Since our newsletter is read nation-wide, I do not want to forget our readers in other Jurisdictions. It turns out it is easy to remember almost everyone when discussing coverage of BNP, because 7 of the 8 MACs (9 of 11 Jurisdictions) also have Local Coverage Determinations (LCDs) for BNP. And with only one exception, the indications and limitations for coverage across these policies is consistent. Here is a listing of the various Part A LCDs for BNP (CPT code 83880). You can easily view the specific policies by entering the Document ID # in the Quick Search section of the Medicare Coverage Database webpage.
Although stated somewhat differently between policies, the consensus for coverage of BNP is that it is covered:
- When used in combination with other medical data such as medical history, physical examination, laboratory studies, chest x-ray, and electrocardiography; and
- To distinguish cardiac cause of acute dyspnea from pulmonary or other non-cardiac causes;
- To distinguish decompensated CHF from exacerbated chronic obstructive pulmonary disease (COPD) in a symptomatic patient with combined chronic CHF and COPD (Cahaba’s LCD does not include this indication, although Cahaba has stated in verbal discussion with providers that this would be a covered use of BNP.); or
- As a risk stratification tool (to assess risk of death, myocardial infarction or congestive heart failure) among patients with acute coronary syndrome (myocardial infarction with or without T-wave elevation and unstable angina) when obtained in the first few days after the onset of ischemic symptoms.

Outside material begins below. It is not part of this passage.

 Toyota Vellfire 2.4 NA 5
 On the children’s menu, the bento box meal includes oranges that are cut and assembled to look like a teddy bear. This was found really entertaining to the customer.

Providers also need to be familiar with the ICD-10 diagnosis codes that “support medical necessity.” The list of codes supporting medical necessity varies between LCDs. It is likely the MAC will deny coverage utilizing automated edits when a claim is submitted without a “covered” diagnosis code.
BNP is not covered:
- As a stand-alone test, without being used in conjunction with standard diagnostic tests, medical history and clinical findings;
- For monitoring the efficiency of treatment for CHF and in tailoring the therapy for heart failure;
- For adjustment of therapy in individual patients, or
- As part of cardiovascular risk assessment panels (screening).
Some policies quote the American College of Cardiology/American Heart Association 2005 Guideline Update for the Diagnosis and Management of Chronic Heart Failure in the Adult. These guidelines were updated in 2017 and can be viewed on the ACC website. Some physicians argue the new guidelines support a standard of care to monitor and adjust therapy, determine prognosis and establish disease severity in CHF patients followed in an ambulatory setting based on the
“Class I recommendation (Level of Evidence: A) for measurement of B-type natriuretic peptide (BNP) or N-terminal (NT)-proBNP for establishing prognosis or disease severity in chronic HF.”
However the full ACC/AHA article states, “Because of the absence of clear and consistent evidence for improvement in mortality and cardiovascular outcomes (43-62), there are insufficient data to inform specific guideline recommendations related to natriuretic peptide–guided therapy or serial measurements of BNP or NT-proBNP levels for the purpose of reducing hospitalization or deaths in the present document.”
The National Government Services (NGS) LCD for Jurisdictions K and 06 is significantly different, though extremely specific, from the other LCDs by allowing coverage for:
- To establish prognosis or disease severity in chronic CHF when needed to guide therapy,
- To achieve optimal dosing of guideline-directed medical therapy (GDMT) in select clinically euvolemic patients followed in a well-structured heart failure (HF) disease management program,
- To guide therapeutic decision-making in individuals who have amyloidosis.
Laboratory tests are not paid separately for inpatients or for outpatients having other outpatient services, and even when paid the Clinical Lab Fee Schedule payment rate for BNP is around only $46. The Medicare issue with laboratory tests such as BNP is not the payment rate per test, but that millions of lab tests across the nation can add up to large reimbursement amounts for Medicare.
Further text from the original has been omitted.